Adèle est partie prendre l'air ce matin d'été au bord de l'étang. Ses longs cheveux déployés flottent sur ses épaules. Elle avance doucement son pied, interroge avec timidité la profondeur de l'eau. Le jeune Sargines, s'avance et lui présente sa main et tous deux s'éloignent un peu plus loin. Parvenu dans un endroit assez discret, le fripon prodigue à sa jeune compagne les caresses les plus vives: celle-ci les lui rend avec forte émotion et témoigne du désir d'apprendre. Soutenu par la main secourable, le joli corps d'adèle commence à se balancer plonge, disparaît à ses yeux, et tandis qu'elle le cherche, un baiser, tel qu'elle n'en reçut jamais, l'avertit de l'endroit où il est. Vaincue par l'émotion, elle se tapit derrire un arbre. L'amant, devient plus tendre, plus pressant; il fait parler le désir, la curiosité. Adèle s'abandonne doucement à l'instinct du plaisir. Il hasarde un baiser. Ose de nouvelles témérités, porte une main tremblante sur une jeune gorge de vingt ans. Toucher délicieux! Un marbre brûlant et mobile semble fuir et chercher les doigts qui le pressent. Des lèvres ardentes apportent à leur tour sur ce sein juvenil l'offrande de mille baisers, avec un empressement si tendre, qu'il se colore bientôt d'un rose plus vif.
Emportés par la fougue des désirs, ils se retrouvent tous deux corps à corps, il fond sur elle comme l'épervier sur la faible colombe; et tandis que sa bouche s'abreuve de soupirs enflammés, un doigt, messager de plaisir, chemine jusqu'à cet asile mystérieux où, sur un trône humide et brûlant, siège la volupté du délire.
- Arrêtez, mes yeux se troublent, la voix me manque ... Sargines... je n'en puis plus... ayez pitié de moi ...
Et en prononçant ces mots, elle presse plus fortement son amant contre son sein. Brûlé de tous les feux qu'il allume, dévoré de désirs, le sacrificateur attaque enfin la victime qui tressaille ! L'émotion violente l'agite et de tendres gémissements, étouffés à leur source, décèlent les progrès dont sa jolie main s'assure avec effroi. ses bras s'enlacent avec force autour de son heureux vainqueur, dont les transports violents ouvrent la route du bonheur.
Enfin, le charme est rompu; le dernier cri de l'innocence atteste le premier triomphe de l'amour, et sa flèche victorieuse repose dans son carquois ensanglanté. Mais déjà la plus douce ivresse succède aux angoisses douloureuses; Adèle et Sargines, étroitement enlacés, unis par tous les points de leur corps en transes, semblent désormais animés par une seule âme qu'ils exhalent dans les soupirs, qu'ils se disputent par des baisers; un frisson voluptueux, universel, une fureur aimable les agitent, les transportent; des articulations demi-formées expirent sur leurs lèvres, un voile s'étend sur leurs yeux; ils se plongent et s'abîment dans un océan de délices.

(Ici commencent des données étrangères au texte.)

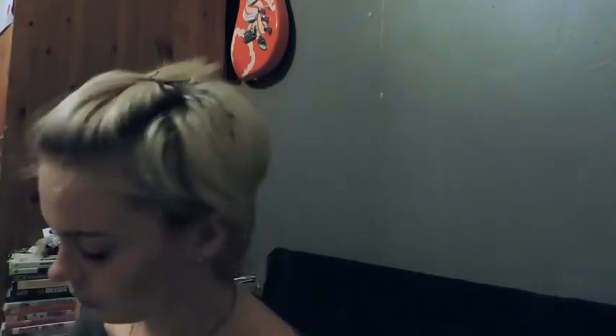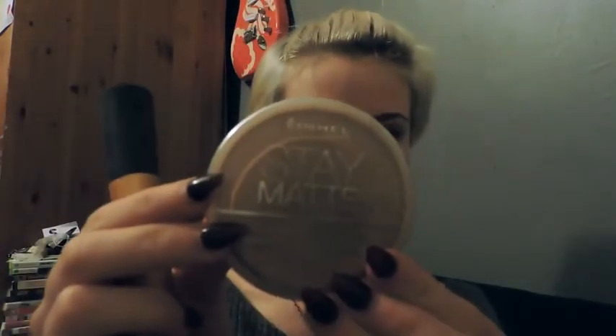Now I'm going to just blend it in a bit more. I don't know if you can see — the lighting is terrible, I'm sorry. And then I just use the matte effect pressed powder by Revolution and I just apply some under my eyes and a bit on my chin. I use another brush for this. And then I use the matte effect.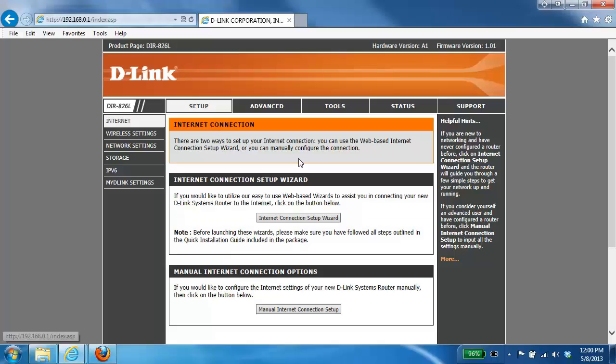Hey everyone, today I'm going to be showing you how to set up your router with a DSL or PPPoE internet connection. In this example we're going to be using the DIR826L, however if you have a different router the setup steps should pretty much be the same.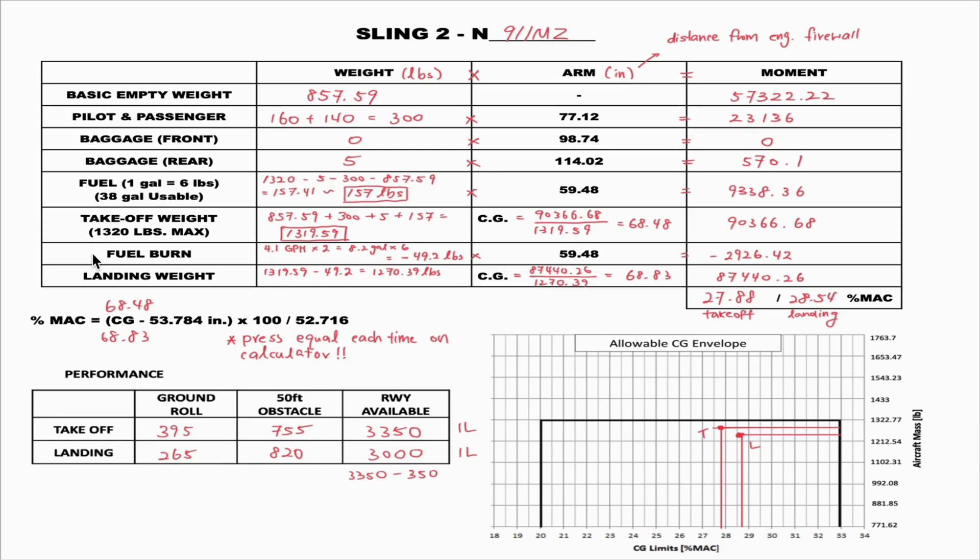Moving down, we have the fuel burn section. During the flight, the airplane burns fuel, so the weight decreases by the time it lands. According to the POH, the Sling burns about 4.1 gallons per hour, and each lesson is no more than two hours, so we assume 8.2 gallons total. To convert from gallons to pounds, multiply by 6, giving 49.2 pounds of fuel burned. Since we're burning fuel, this is a negative number: negative 49.2 multiplied by 59.48 gives a moment of negative 2926.42.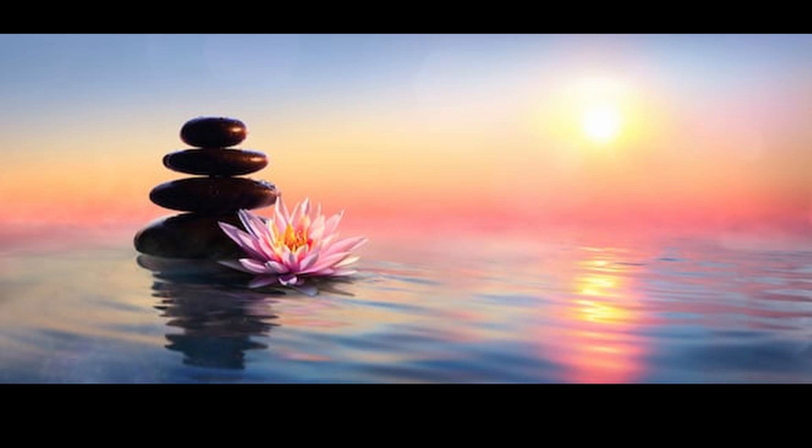Now tense your upper back by pulling your shoulders back, trying to make your shoulder blades touch. Hold this for five seconds. Let go. Breathe in and breathe out. Hold this feeling right now, and then let it out.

Revenue à elle-même, l'intéressante novice jette avec douleur ses regards autour d'elle; la lumière l'afflige, quelques larmes tombent de ses beaux yeux, et la pudeur qui reprend ses droits s'empresse de jeter un voile sur des objets que l'illusion abandonne. Après avoir pleuré avec sa victime, Sargines s'éloigne à regret, et la pauvre Adèle, plus instruite et moins tranquille, regagne lentement sa retraite, en songeant au moyen de revoir son amant et de tromper sa tante.